====== Data
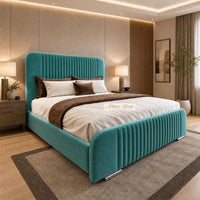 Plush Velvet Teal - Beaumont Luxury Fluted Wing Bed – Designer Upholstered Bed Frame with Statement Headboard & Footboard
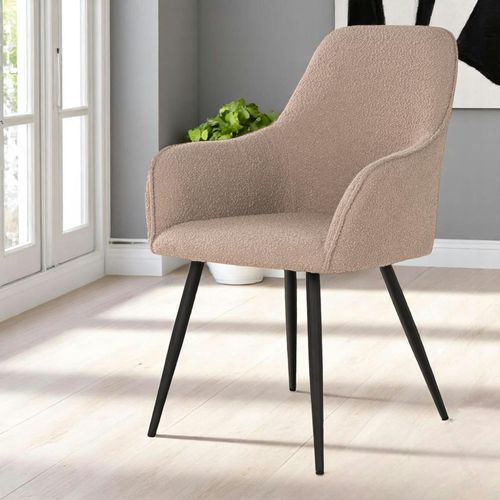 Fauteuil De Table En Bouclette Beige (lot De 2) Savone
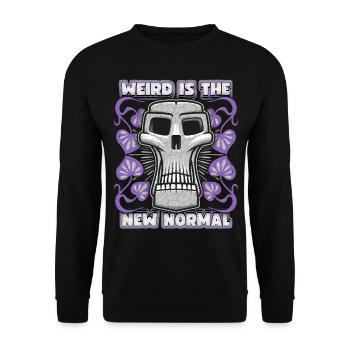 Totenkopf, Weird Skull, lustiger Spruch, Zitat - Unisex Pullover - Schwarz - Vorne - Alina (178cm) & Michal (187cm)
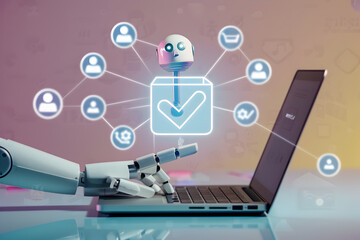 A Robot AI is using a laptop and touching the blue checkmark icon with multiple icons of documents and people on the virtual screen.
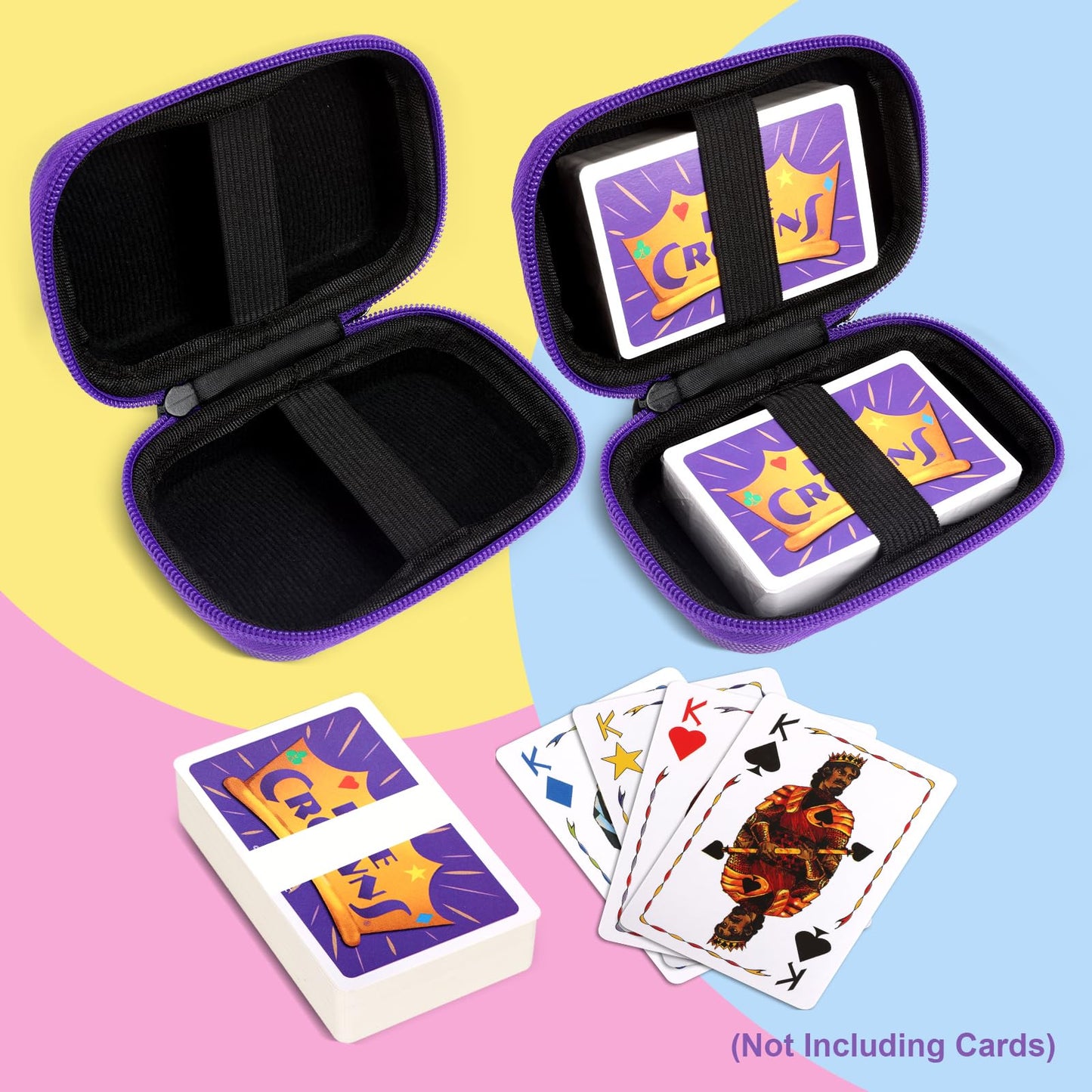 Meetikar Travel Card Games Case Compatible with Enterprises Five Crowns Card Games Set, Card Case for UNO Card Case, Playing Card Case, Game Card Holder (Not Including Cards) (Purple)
============
====== Data
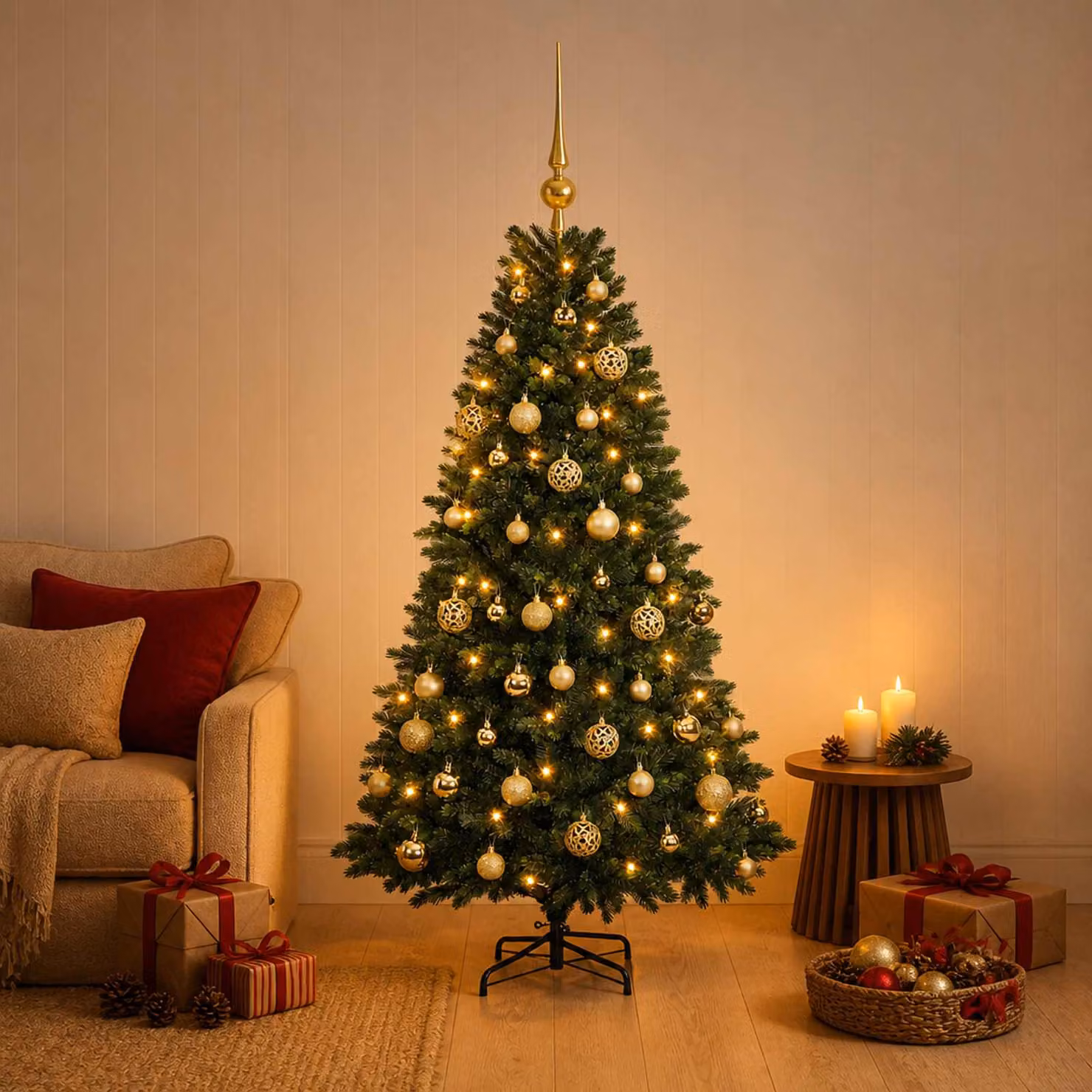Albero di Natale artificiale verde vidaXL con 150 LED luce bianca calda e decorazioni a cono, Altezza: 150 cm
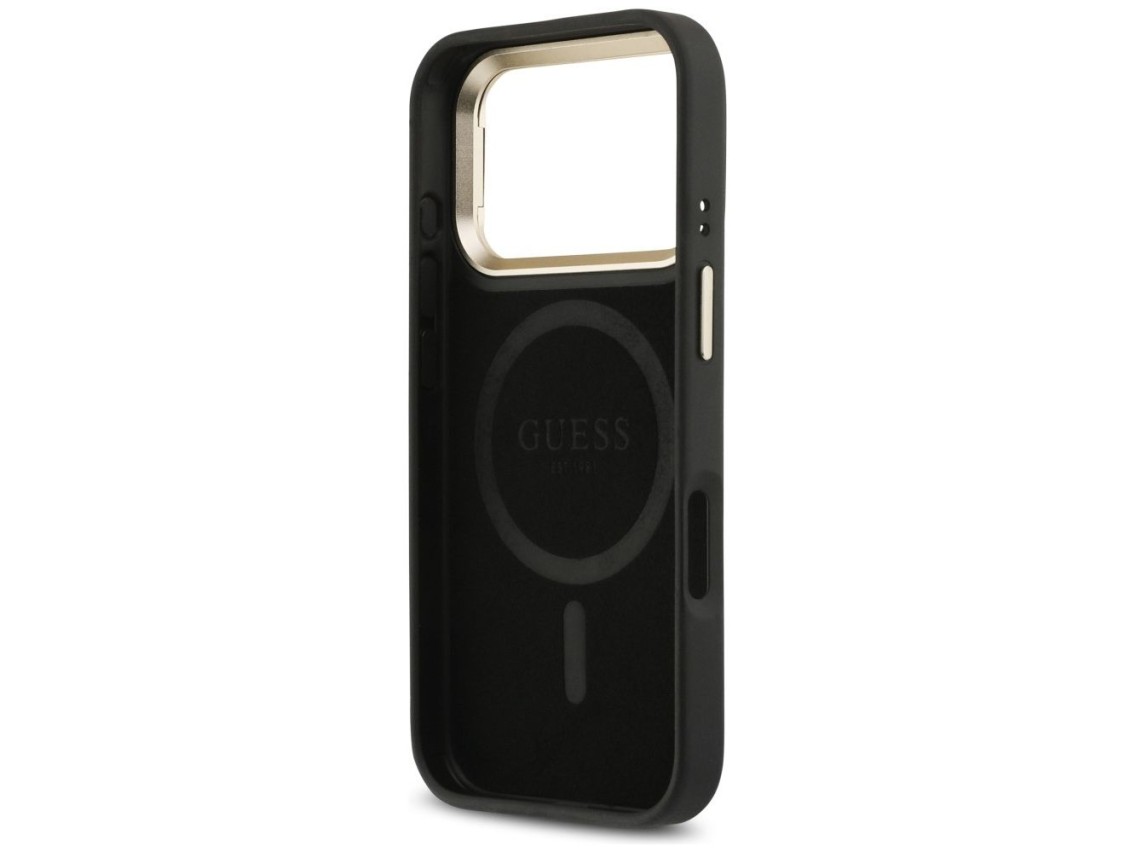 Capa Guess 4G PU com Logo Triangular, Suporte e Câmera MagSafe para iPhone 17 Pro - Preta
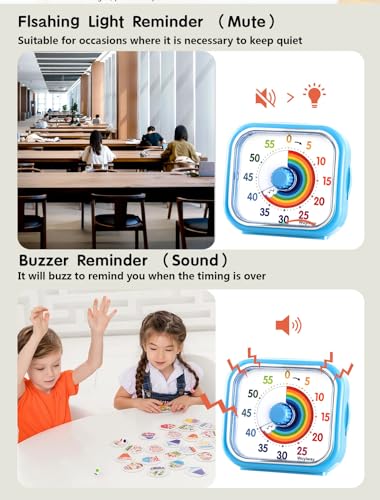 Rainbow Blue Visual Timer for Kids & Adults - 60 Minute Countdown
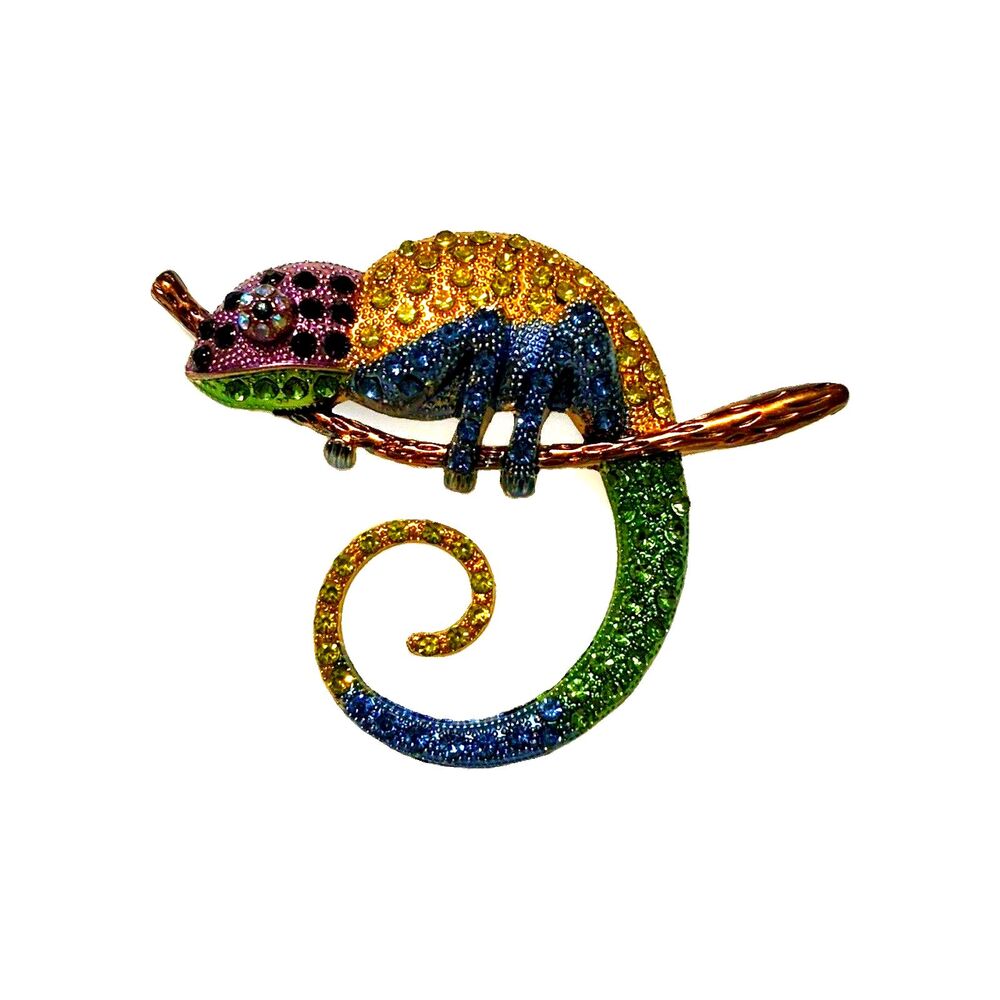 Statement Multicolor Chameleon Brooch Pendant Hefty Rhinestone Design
============
Problem to work on: All that should be printed is the run of lines above from the one with "Plush Velvet Teal" through the one with "Totenkopf, Weird Skull, lustiger", both included, exactly as given, with pictures left out.

Solution:
 Plush Velvet Teal - Beaumont Luxury Fluted Wing Bed – Designer Upholstered Bed Frame with Statement Headboard & Footboard
 Fauteuil De Table En Bouclette Beige (lot De 2) Savone
 Totenkopf, Weird Skull, lustiger Spruch, Zitat - Unisex Pullover - Schwarz - Vorne - Alina (178cm) & Michal (187cm)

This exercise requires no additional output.